# selecting a puppy and conformation question



## dashiel (Aug 24, 2012)

Three weeks away from adopting our V puppy. We've done this four times in the past - twice with V's and twice with English Cockers. The Cockers were easier because, first, each looked different (markings) so you could easily remember what you were seeing. Vizlsas have been more difficult to select.

We are fortunate to have the first pick. I think we've always done well with personality but have missed some on conformation.

Does anyone have conformation guidelines for choosing an 8 week old pup?

Thanks,


----------



## hotmischief (Mar 11, 2012)

I am not expert, in fact I am definitely an amateur - but a good place to start would be the breed standard which you will find on the AKC site. 

Personally I always go by my first impressions of a dog or horse. Does it fit in an imaginary square?
Not too long/ not too short in the back. Good hind leg angulation. All 4 legs should be straight, not turned inward or outward very hard to see in pups. Check the eyes ( read up on the eye problems in Vizslas entropin and ectropin). I always think the head has to appeal to you, but there are some measurement guide lines in the breed standard. Read up about the teeth although if you aren't showing this doesn't matter too much. Go by your gut feel. Just remember that no matter what a puppy looks like at 8 weeks it will change and even the most experienced breeder get it wrong when picking a puppy on conformation.

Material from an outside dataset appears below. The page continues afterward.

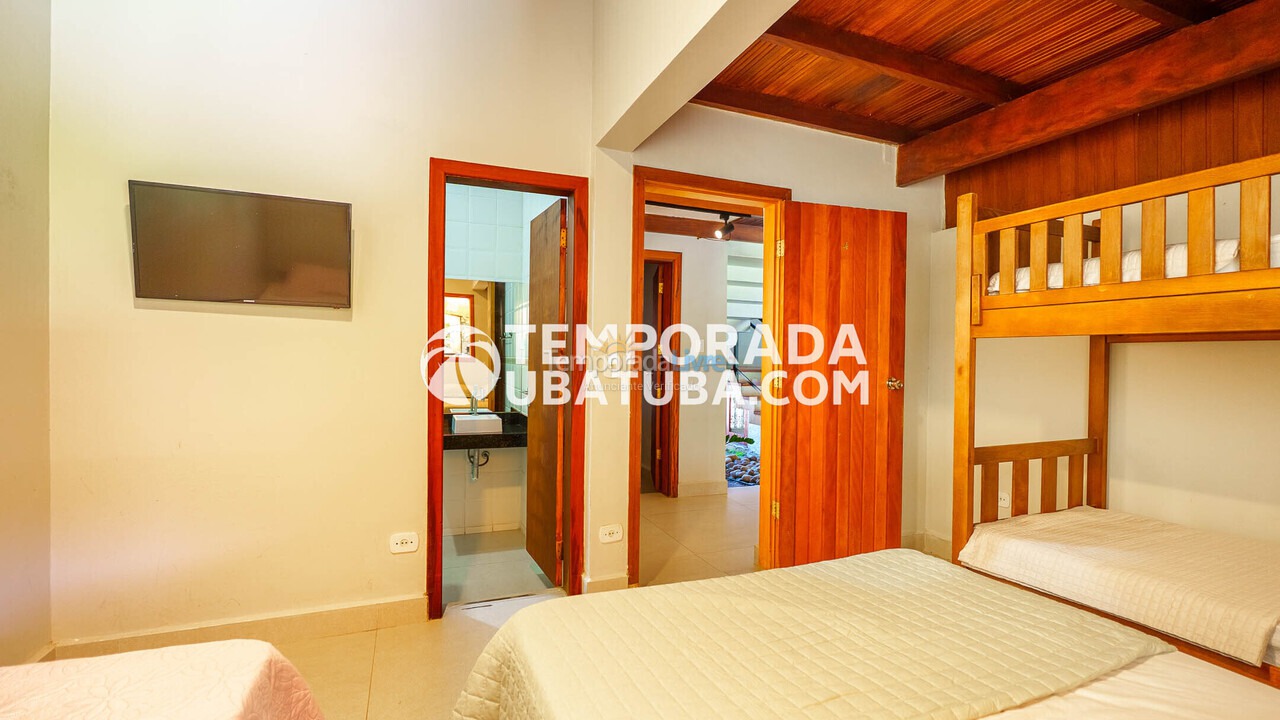 Casa para aluguel de temporada em Ubatuba (Praia Grande)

I would check more into the breeding lines - showing, hunting depending on what you want to do with your puppy and then discuss what you want with the breeder, a good breeder will help you choose.

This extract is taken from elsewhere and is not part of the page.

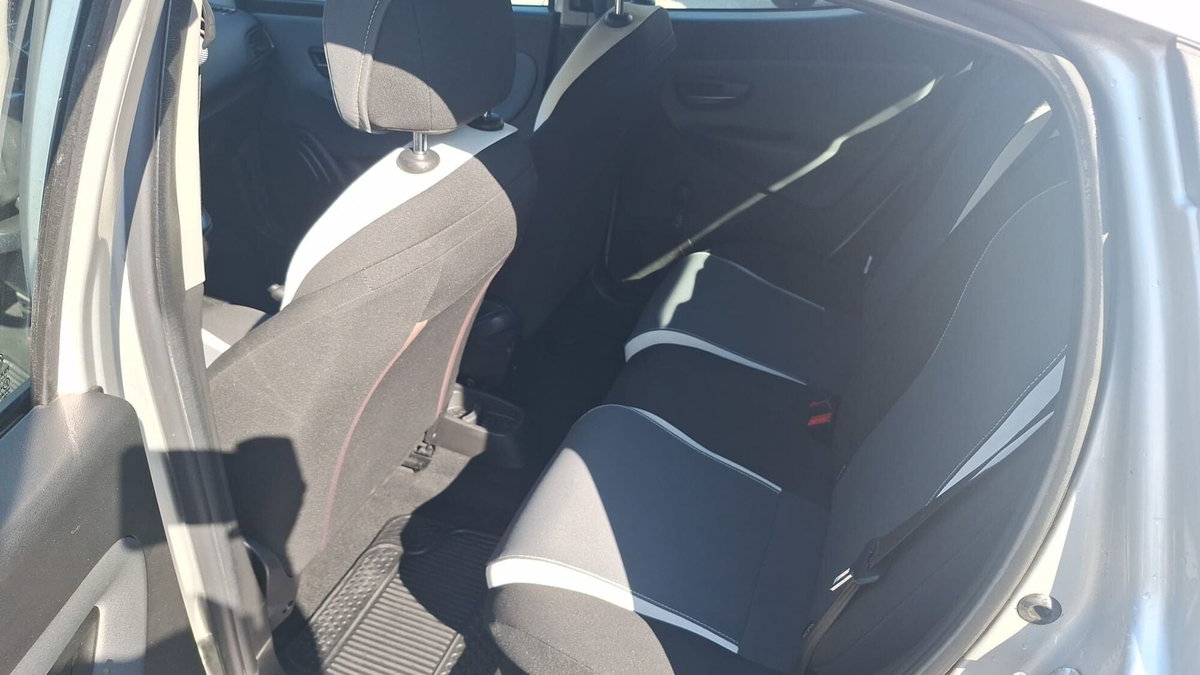 Lancia Ypsilon 1.2 69 CV 5 porte Elefantino (11)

There are some very experienced breeders/trainers on this forum who will give you lots of good advise  

Looking forward toseeing some pictures.


----------



## dashiel (Aug 24, 2012)

We're excited and appreciate the help...we know the breeder and are very comfortable. In all the times we've done this, however, this is the first that we will have first pick.

So, any other insights would be welcome.

Thanks


----------



## veifera (Apr 25, 2012)

I agree with hotmischief: the breeder will know best which of the puppies is more likely to be a match for what you're looking for. 

Picking a puppy for conformation at 8 weeks is an age-old struggle for all even the most experience breeders. There are books and books written about it and once you go past very obvious faults (legs not straight, or roached back, or tail set too high), the rest is guesswork.

The advice I got was this sequence: 

(a) pick a breeder that is actively involved in showing her own dogs, with lots of show and field titles to prove it - because the probability increases astronomically that any pup in the litter will be in conformation with the standard both in looks, temperament and in hunting ability; 

(b) then eliminate obvious faults from consideration, if there are any. The better the breeder, the fewer visible faults - very often no faults at all, which makes it even harder to choose 

(c) follow the breeder's recommendation. Meaning don't pick a puppy that's a tad more shy than the rest of the litter because it looks better, but rather pick a average conformation with great temperament from an exceptional litter

That's basically what I did and I'm incredibly grateful to the breeder referral person who steered me in the right direction.

Good luck.


----------



## R E McCraith (Nov 24, 2011)

For me if you are going to hunt your V - broad chest - big ears - loose jowls - driven - does not run with the pack - this is a marker for a big nose & Independence - has always worked for me - this is not a one trip to the breeder but many!


----------